A Lament for the Dead Pets of Our Childhood
SSAA, euphonium (or horn), synthesizer, string quartet
8’ (2019)
Text by A. E. Stallings
Commissioned and premiered by the Pepperdine University Women’s Choir, Lincoln Hanks, conductor
A LAMENT FOR THE DEAD PETS OF OUR CHILDHOOD
Even now I dream of rabbits murdered
By loose dogs in the dark, the saved-up voice
Spilt on that last terror, or the springtime
Of lost baby rabbits, grey and blind
As moles, that slipped from birth and from the nest
Into a grey, blind rain, became the mud.
And still I gather up their shapes in dreams,
Those poor, leftover Easter eggs, all grey.

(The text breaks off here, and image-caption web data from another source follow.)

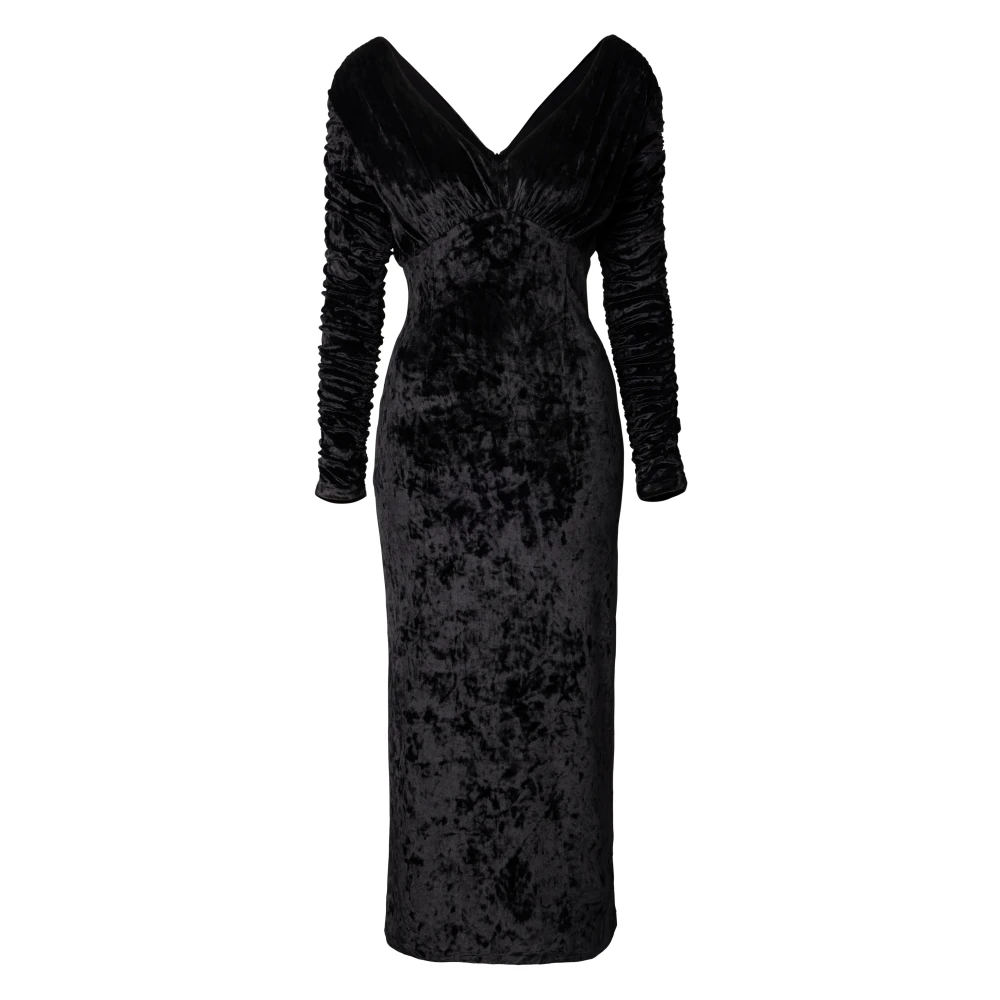 Wakakuu Icons Maxi Dress Black Dames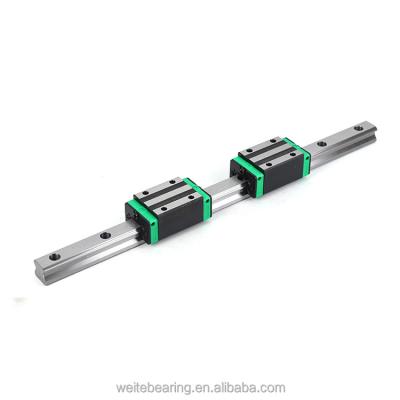 China Interchangeable low noise linear guide HGH65CA HGH65HA of long life slider HGW65CA HGW65HA for sale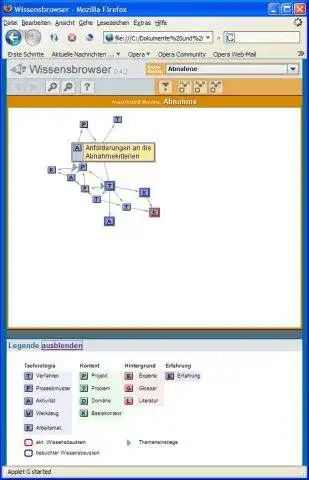 Téléchargez l'outil Web ou l'application Web Wissensbrowser pour l'exécuter sous Windows en ligne sur Linux en ligne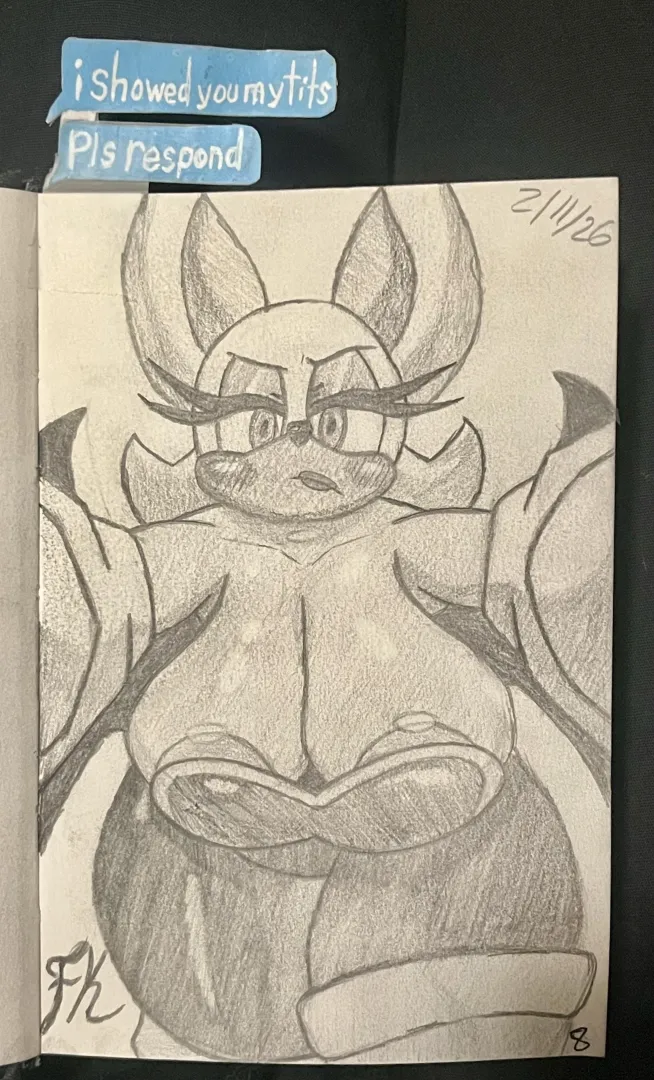 She’s waiting (Self, inspired by Romi Romi) posted by LatterConfection4388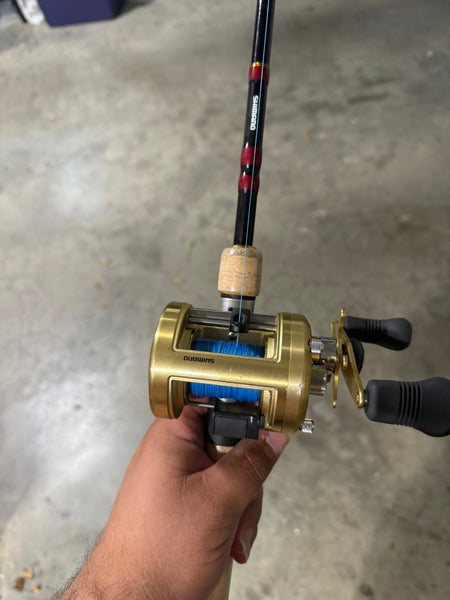 Shimano Calcutta 400B Fishing Reel (Used)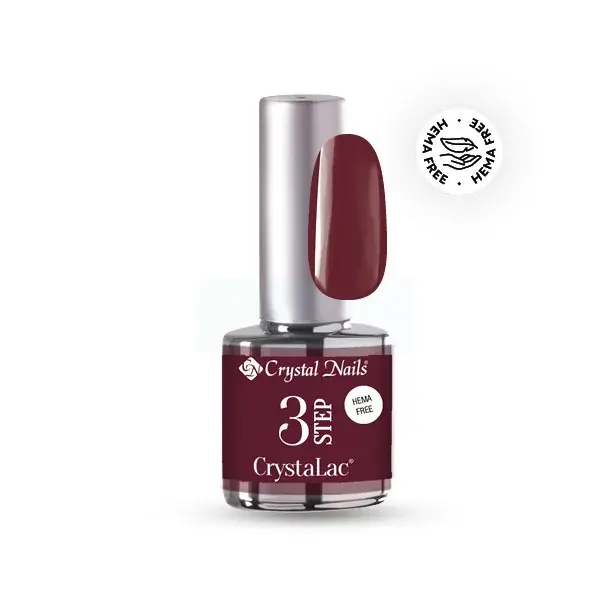 3 STEP HEMA Free CrystaLac - 3S55 (4ml) Kedvezményes ár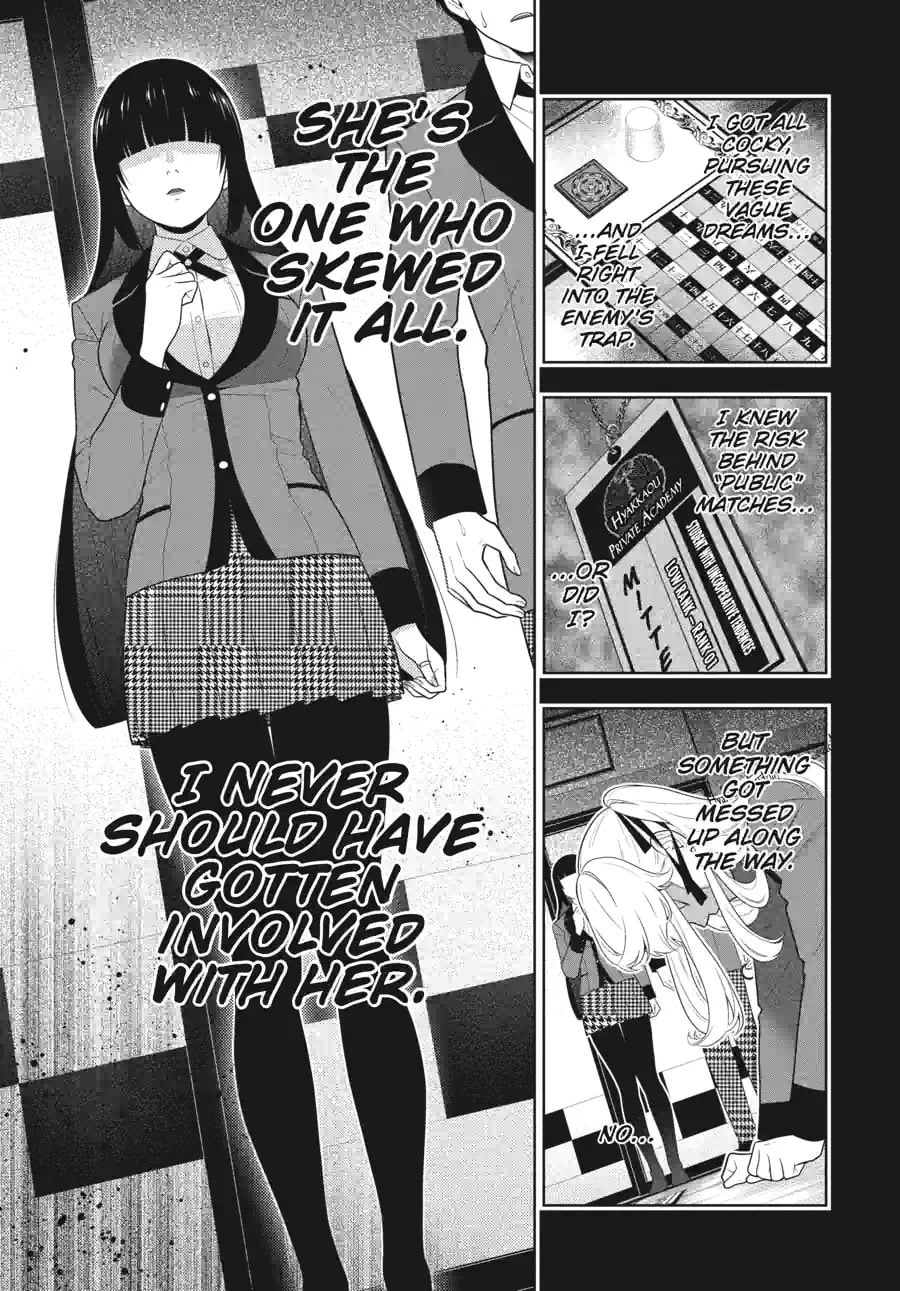Read Kakegurui chapter 167 image 8 on Lezhin
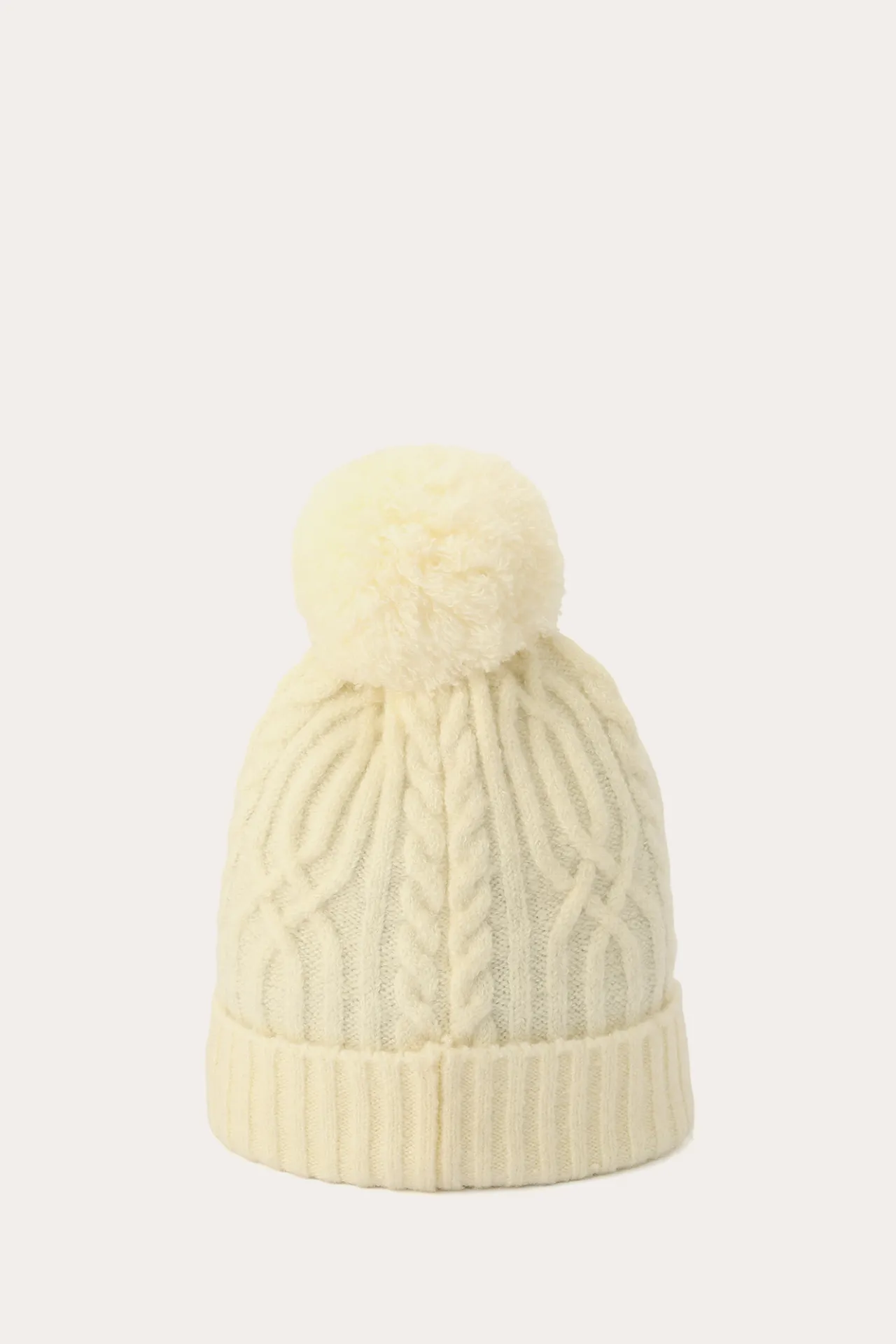 Frye Cold Weather^Cable Beanie With Self Pom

That’s how we found out death: the strangled bird
Undone by a toy hung in his cage,
The foundling that would never last the night,
Be it pigeon, crippled snake, the kitten
Whose very fleas forsook it in the morning
While we nursed a hangover of hope.
After the death of pets, dolls lay too still
And wooden in the cradle, sister, after
We learned death: not hell, no ghosts or angels,
But a cold thing in the image of a warm thing,
Limp as sleep without the twitch of dreams.
—A. E. Stallings
PROGRAM NOTE
“A huge number of fairy tales and nursery rhymes have dark sides, and we do a disservice to Disneyfy everything for kids. Children are aware that bad things happen, that people die and animals die, and when that’s incorporated into something like a story or a poem, where it’s put into some sort of order, where it’s controlled, it becomes less threatening, and they know they’re dealing with the truth, that we’re not hiding things. But when death isn’t mentioned at all, when the monster is only a monster because he is lonely and wants to make friends, we offer a false sense of security. In fact, it doesn't tangle with any of their real concerns; it’s a completely false world. I think it’s nice to bring the real world into something controlled like a story and a poem. Giving up something, a character, an animal in a story or poem, is practice for giving up something closer later.”—A. E. Stallings in The Cortland Review, February 2002.
More than any other living poet, I find myself drawn to and inspired by the work of Alicia Stallings. There is deep poignancy and beauty in her poetry, masterfully crafted and full of vivid imagery. This poem mourns the loss of childhood innocence while acknowledging the inevitability of that loss. As adults we try in vain to make sense of senseless world, and a part of us yearns to recapture our lost naiveté. And still, there is a melancholic beauty in the universality of this human condition.
I dedicate this piece to Lincoln Hanks and the Pepperdine Women’s Chorus. I would also like to remember two of my close friends who passed away suddenly in the last several months: Corinna Conti and Dominic Gregorio.